Home

Awesome

Implementation for PopAlign

Environment Setup

pip install -r requirements.txt

Additional Dependencies:

hpsv2 https://github.com/tgxs002/HPSv2
ImageReward https://github.com/THUDM/ImageReward
deepface https://github.com/serengil/deepface

Experiments

first, run

python 1_generate_divers_prompts.py

to generate diverse prompts based on basic prompts in data/training_prompts.csv

then,run

bash 2_generate_images.sh

to generate images based on diverse prompts and basic prompts. this script also runs a classifier on generated images

then run

python 3_generate_preferences.py

To generate preference data

then run

bash 4_train.sh

to train the model using pop-align.

Finally, run

bash eval.sh

which will evaluate the model on identity-specific and identity-neutral prompts. It will also run the classifier to compute the discrepancy metric, as well as a series of score model to compute the image quality metric.

Model Card

Implementation Details

This codebase trains and evaluates SDXL using the PopAlign Objective

The assets used in this work (datasets, preference models) are publicly available and are used according to their respective licenses.
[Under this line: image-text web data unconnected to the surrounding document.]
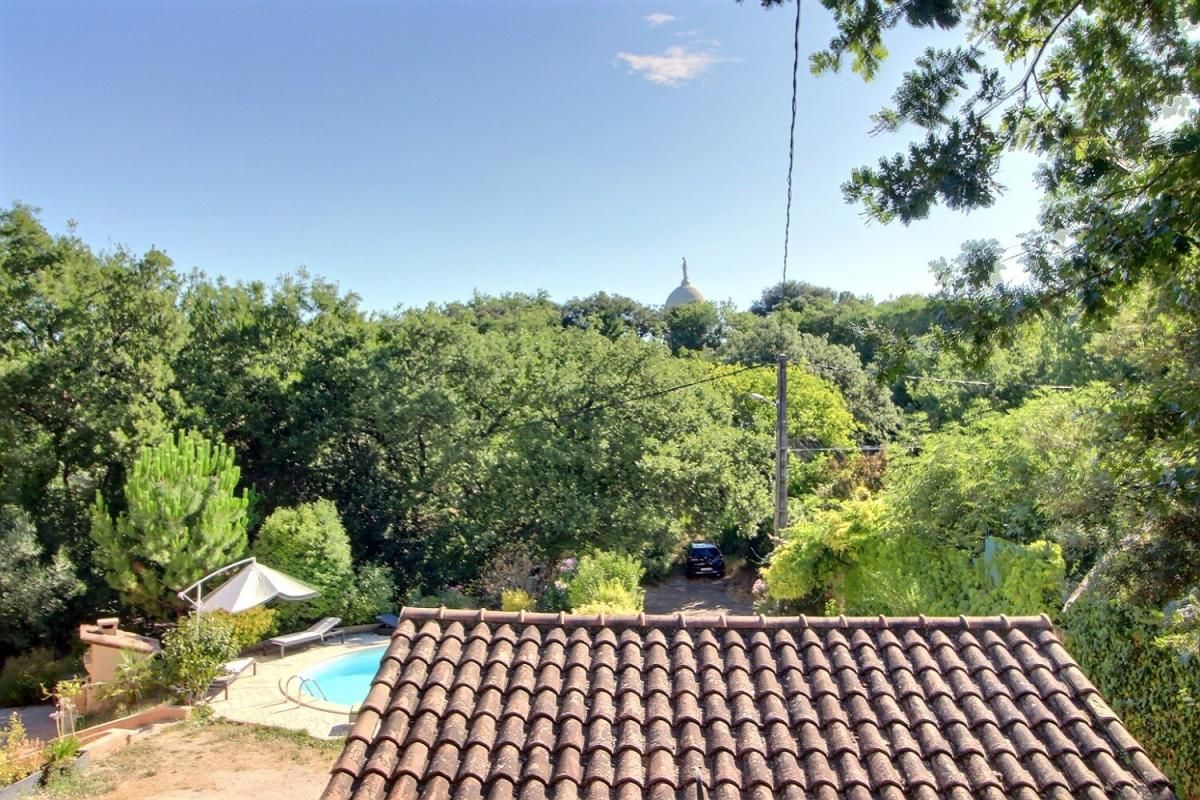 ROCHEGUDE Villa avec Piscine 4 pièces 125 m² + Studio indépendant 30 m² - 449 000 Euros - 1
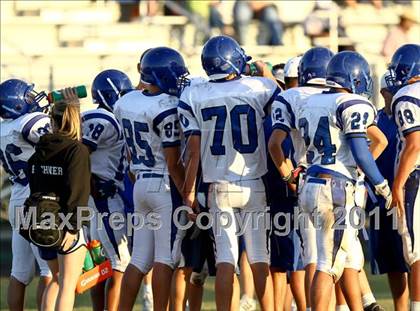 Thumbnail 1 in Goose Creek Memorial vs Barbers Hill  photogallery.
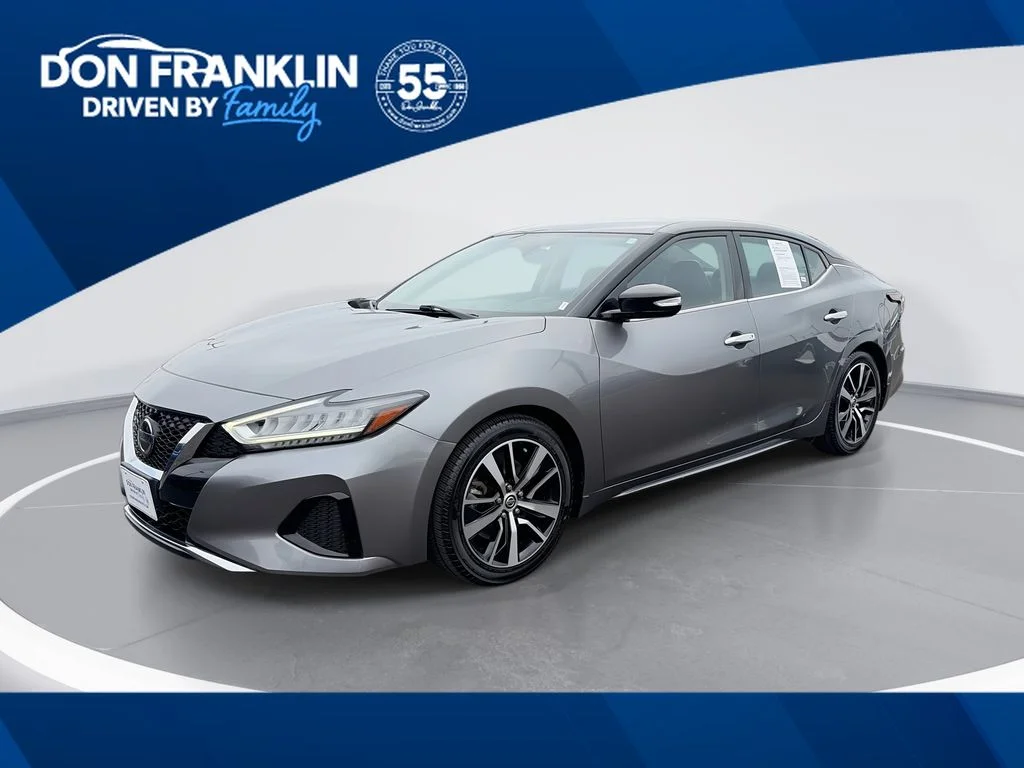 2021 Nissan Maxima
This code is released privately for the purposes of our submission, and will eventually be made public under the Apache 2.0 License (LICENSE).

Training Details

Training Data

This data uses images generated by SDXL as training samples

Training Procedure

Preprocessing

Training Samples are generated with identity-neutral prompts and identity-specific prompts. They are paired to create a preference data. See paper for more details.

Training Hyperparameters

We train with the following hyperparameters:

- Learning Rate: 5e-7
- Batch size: 8
- Steps: 750

Evaluation

We evaluate using HPS v2, PickScore, CLIP, LAION Aesthetics, as well as Deepface classifer for fairness

Testing Data, Factors & Metrics

Testing Data

We curate our own test data, which is included in this repo under data

Technical Specifications

Model Architecture and Objective

We use the SDXL architecture (U-Net, VAE, CLIP text encoder) and only fine-tune the U-Net with our objective.

Compute

We train with 4 NVIDIA A5000 GPUs for less than 1 day per experiments.